7.12Clauses Restricting Subsidiary Distributions; Negative Pledges. Enter into or suffer to exist or become effective with any Person other than (a) a Lender or an Affiliate of a Lender and (b) the holder of any Indebtedness permitted under Sections 7.2(d)(ii), (e), (g), (h), (j), (k), (l), (m), (n) or (o) any consensual encumbrance or restriction on the ability of any Subsidiary of the Borrower to: (1) make Restricted Payments in respect of any Capital Stock of such Subsidiary held by, or pay any Indebtedness owed to, the Borrower or any other Subsidiary of the Borrower, (2) make loans or advances to, or other Investments in, the Borrower or any other Subsidiary of the Borrower or (3) transfer any of its assets to the Borrower or any other Subsidiary of the Borrower, in each case, except for such encumbrances or restrictions existing under or by reason of (i) any restrictions existing under the Loan Documents, (ii) any restrictions with respect to a Subsidiary imposed pursuant to an agreement that has been entered into in connection with the Disposition of all or substantially all of the Capital Stock or assets of such Subsidiary and (iii) any restrictions with respect to a Subsidiary acquired by the Borrower or any of its Subsidiaries imposed by any agreement existing prior to the acquisition thereof; provided that such agreement is not entered into in contemplation of or in connection with such acquisition or such Person becoming a Subsidiary.
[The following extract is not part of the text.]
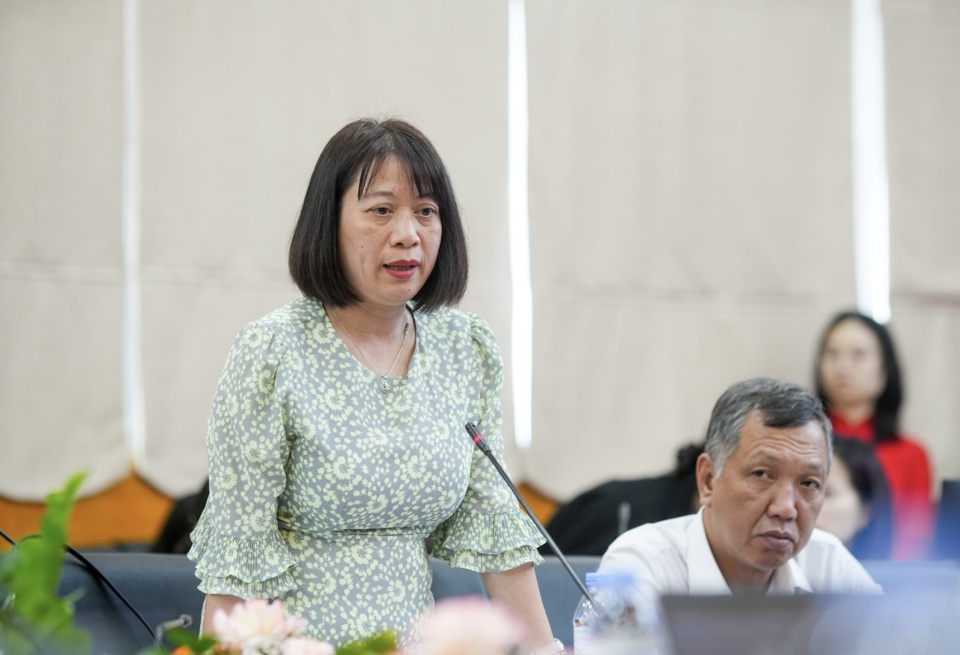 TS Đoàn Thị Tố Uyên phát biểu tại hội thảo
7.13Lines of Business. Enter into any material business, either directly or through any Subsidiary, except for those businesses of the same general type in which the Borrower and its Subsidiaries, taken as a whole, are engaged on the Effective Date or that are reasonably incidental or related thereto.
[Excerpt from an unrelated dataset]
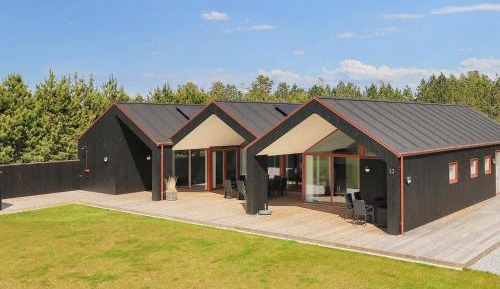 Five-Bedroom Holiday Home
7.14Discontinued Operations. Notwithstanding anything to the contrary in this Agreement or any other Loan Document, the Discontinued Operations shall not conduct, transact or otherwise engage in, or commit to conduct, transact or otherwise engage in, any business or operations other than those incidental to (a) the prosecution or defense in litigation or otherwise of claims asserted against the Discontinued Operations arising out of retained liabilities, the conduct of activities required in compliance with applicable law or in adjudication or administration of claims (whether by court order or negotiated settlement or otherwise), the maintenance of its corporate existence and financial record-keeping, or the engagement of personnel, counsel or third parties to conduct such activities on its behalf, and (b) the winding-up, dissolution, liquidation or other similar actions relating to the Discontinued Operations.
7.15Amendments of Organization Documents. Amend any of its Organization Documents which amendment would be materially adverse to the Lenders.
7.16Anti-Terrorism Laws. Violate, in any material respect, any law or regulation, or be identified in any list of any government agency (including, without limitation, the U.S. Office of Foreign Asset Control list, Executive Order No. 13224 or the USA Patriot Act), in each ease, that prohibits or limits the conduct of business with or the receiving of funds, goods or services to or for the benefit of certain Persons specified therein or that prohibits or limits any Lender or Issuing Lender from making any advance or extension of credit to the Borrower or from otherwise conducting business with the Borrower.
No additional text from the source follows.